This joint in New York’s meat packing district has an awful lot of character. The bold logo of a boar on the outside is duplicated by a series of mounted boar heads inside. There’s a well worn bar and more worn natural wood floors. In the summer, the heat inside can be sweltering, but it sure makes the beer all that much better.
Surprisingly, ribs and pulled pork are the only BBQ items on the Hog Pit BBQ menu, which features fried chicken, chicken-fried steak and meatloaf. They have fried pickles, chili, and an impressive list of side dishes that may be unmatched in the city for its breadth.
My server graciously substituted pulled pork for me on the chicken and ribs combo. For my two sides I tried collard greens and the cabbage with bacon (I’m a sucker for any side that has bacon).
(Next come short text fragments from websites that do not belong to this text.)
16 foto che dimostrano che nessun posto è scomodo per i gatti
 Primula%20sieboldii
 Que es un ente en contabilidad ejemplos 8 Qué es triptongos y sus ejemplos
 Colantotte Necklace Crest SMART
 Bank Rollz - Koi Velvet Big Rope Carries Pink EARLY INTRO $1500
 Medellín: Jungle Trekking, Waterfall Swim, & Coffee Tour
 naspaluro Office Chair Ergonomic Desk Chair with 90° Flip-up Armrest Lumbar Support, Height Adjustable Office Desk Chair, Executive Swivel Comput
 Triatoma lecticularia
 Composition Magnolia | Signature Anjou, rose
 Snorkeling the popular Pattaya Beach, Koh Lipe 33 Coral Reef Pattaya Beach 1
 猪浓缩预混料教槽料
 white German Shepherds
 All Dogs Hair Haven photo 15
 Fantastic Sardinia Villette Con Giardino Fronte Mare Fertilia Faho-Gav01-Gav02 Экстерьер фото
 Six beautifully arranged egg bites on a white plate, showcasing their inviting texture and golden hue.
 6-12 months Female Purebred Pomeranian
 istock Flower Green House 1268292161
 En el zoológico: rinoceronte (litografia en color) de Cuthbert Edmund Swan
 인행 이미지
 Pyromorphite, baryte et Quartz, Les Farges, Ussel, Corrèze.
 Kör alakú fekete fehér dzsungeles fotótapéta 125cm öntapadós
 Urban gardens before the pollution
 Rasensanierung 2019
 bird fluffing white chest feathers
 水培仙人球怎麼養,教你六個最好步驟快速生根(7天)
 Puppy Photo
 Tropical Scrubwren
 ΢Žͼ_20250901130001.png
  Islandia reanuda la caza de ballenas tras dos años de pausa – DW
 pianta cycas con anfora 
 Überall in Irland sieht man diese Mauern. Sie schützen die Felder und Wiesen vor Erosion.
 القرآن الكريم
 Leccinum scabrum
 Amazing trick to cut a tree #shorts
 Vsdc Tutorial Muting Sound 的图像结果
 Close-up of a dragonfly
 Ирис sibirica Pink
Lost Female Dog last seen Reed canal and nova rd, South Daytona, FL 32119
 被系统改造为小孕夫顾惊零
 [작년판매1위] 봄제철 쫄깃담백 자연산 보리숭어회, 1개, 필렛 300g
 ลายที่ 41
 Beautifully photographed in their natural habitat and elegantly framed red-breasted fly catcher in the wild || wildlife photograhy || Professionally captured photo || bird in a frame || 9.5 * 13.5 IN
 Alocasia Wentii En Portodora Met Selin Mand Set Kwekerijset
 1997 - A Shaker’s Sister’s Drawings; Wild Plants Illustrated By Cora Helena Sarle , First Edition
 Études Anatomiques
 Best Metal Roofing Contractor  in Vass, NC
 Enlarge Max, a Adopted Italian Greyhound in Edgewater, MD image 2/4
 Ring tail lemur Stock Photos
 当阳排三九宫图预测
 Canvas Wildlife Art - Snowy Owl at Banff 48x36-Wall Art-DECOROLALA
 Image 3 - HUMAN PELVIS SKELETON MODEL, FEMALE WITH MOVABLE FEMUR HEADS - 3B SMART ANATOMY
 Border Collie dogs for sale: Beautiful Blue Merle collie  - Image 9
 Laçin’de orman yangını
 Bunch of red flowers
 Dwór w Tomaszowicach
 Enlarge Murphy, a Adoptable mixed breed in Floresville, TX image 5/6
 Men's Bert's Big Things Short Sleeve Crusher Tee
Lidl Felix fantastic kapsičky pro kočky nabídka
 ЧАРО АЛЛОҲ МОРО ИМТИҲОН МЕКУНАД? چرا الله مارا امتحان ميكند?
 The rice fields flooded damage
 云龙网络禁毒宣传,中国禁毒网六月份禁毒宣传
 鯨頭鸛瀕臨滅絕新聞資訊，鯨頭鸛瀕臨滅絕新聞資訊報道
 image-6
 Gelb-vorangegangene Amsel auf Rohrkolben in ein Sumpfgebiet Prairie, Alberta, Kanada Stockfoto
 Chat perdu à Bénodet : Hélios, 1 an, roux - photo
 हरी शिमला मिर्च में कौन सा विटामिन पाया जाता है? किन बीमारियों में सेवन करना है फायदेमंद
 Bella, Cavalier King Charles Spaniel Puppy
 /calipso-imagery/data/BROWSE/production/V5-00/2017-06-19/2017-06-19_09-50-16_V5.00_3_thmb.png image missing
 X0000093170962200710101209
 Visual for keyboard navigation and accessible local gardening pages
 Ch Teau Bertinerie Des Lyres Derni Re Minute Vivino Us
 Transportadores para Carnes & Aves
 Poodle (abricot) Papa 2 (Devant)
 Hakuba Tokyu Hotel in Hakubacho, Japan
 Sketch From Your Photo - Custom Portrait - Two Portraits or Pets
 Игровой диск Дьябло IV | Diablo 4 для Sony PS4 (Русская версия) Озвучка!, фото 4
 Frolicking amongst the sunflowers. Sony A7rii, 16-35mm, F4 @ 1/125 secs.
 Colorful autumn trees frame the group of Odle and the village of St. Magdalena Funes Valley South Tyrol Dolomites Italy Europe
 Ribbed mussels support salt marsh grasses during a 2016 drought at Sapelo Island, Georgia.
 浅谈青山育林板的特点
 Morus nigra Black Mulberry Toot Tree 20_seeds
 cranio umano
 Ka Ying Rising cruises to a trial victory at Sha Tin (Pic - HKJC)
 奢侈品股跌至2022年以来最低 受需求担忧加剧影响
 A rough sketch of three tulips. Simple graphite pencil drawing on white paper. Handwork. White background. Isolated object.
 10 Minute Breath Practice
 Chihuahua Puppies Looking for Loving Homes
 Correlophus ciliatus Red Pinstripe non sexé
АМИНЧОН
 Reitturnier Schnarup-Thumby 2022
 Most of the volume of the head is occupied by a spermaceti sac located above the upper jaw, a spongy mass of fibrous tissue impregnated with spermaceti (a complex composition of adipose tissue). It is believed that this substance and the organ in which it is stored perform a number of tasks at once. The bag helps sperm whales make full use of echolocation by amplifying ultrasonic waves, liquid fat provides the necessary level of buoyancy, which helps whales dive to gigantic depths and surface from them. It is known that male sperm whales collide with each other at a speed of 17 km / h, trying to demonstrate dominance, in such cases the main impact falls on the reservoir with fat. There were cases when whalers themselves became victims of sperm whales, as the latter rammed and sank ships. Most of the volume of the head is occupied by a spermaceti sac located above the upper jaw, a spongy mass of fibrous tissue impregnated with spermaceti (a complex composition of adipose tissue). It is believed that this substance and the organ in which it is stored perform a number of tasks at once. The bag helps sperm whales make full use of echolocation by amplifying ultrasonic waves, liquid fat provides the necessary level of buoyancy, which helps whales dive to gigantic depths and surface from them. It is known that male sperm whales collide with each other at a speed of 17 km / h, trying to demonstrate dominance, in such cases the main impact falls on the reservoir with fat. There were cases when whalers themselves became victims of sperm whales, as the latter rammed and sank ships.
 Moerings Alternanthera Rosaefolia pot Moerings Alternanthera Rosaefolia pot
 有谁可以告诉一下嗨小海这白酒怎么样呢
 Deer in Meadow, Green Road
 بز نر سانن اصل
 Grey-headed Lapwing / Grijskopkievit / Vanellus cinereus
My plate arrived with four huge mounds of food. The ribs were falling-off-the-bone tender and then some, with one of the bones already separated from its meat by the time the plate hit the table. I pulled a piece of the grey meat from under all that sauce to taste. As I feared, it had that boiled-and-broiled texture. The ribs didn’t have much flavor and the neutral sauce didn’t really help. The pork wasn’t much better, just a mushy pile of mashed meat, with no discernable bark.
The sides, I have to say, were excellent. The cabbage was crisp and well lubricated with the juices from the ample bacon. The collard greens were dark, well flavored leaves cooked just to the point of wilting. If I could do it all over again I’d get their fried pickles and 3 sides and call it a meal, but this is a site about barbecue, not sides.
The bottom line: this dive is a refreshing counterpoint to some of the more corporate places in the city; it’s too bad the barbecue itself doesn’t have the same amount of character.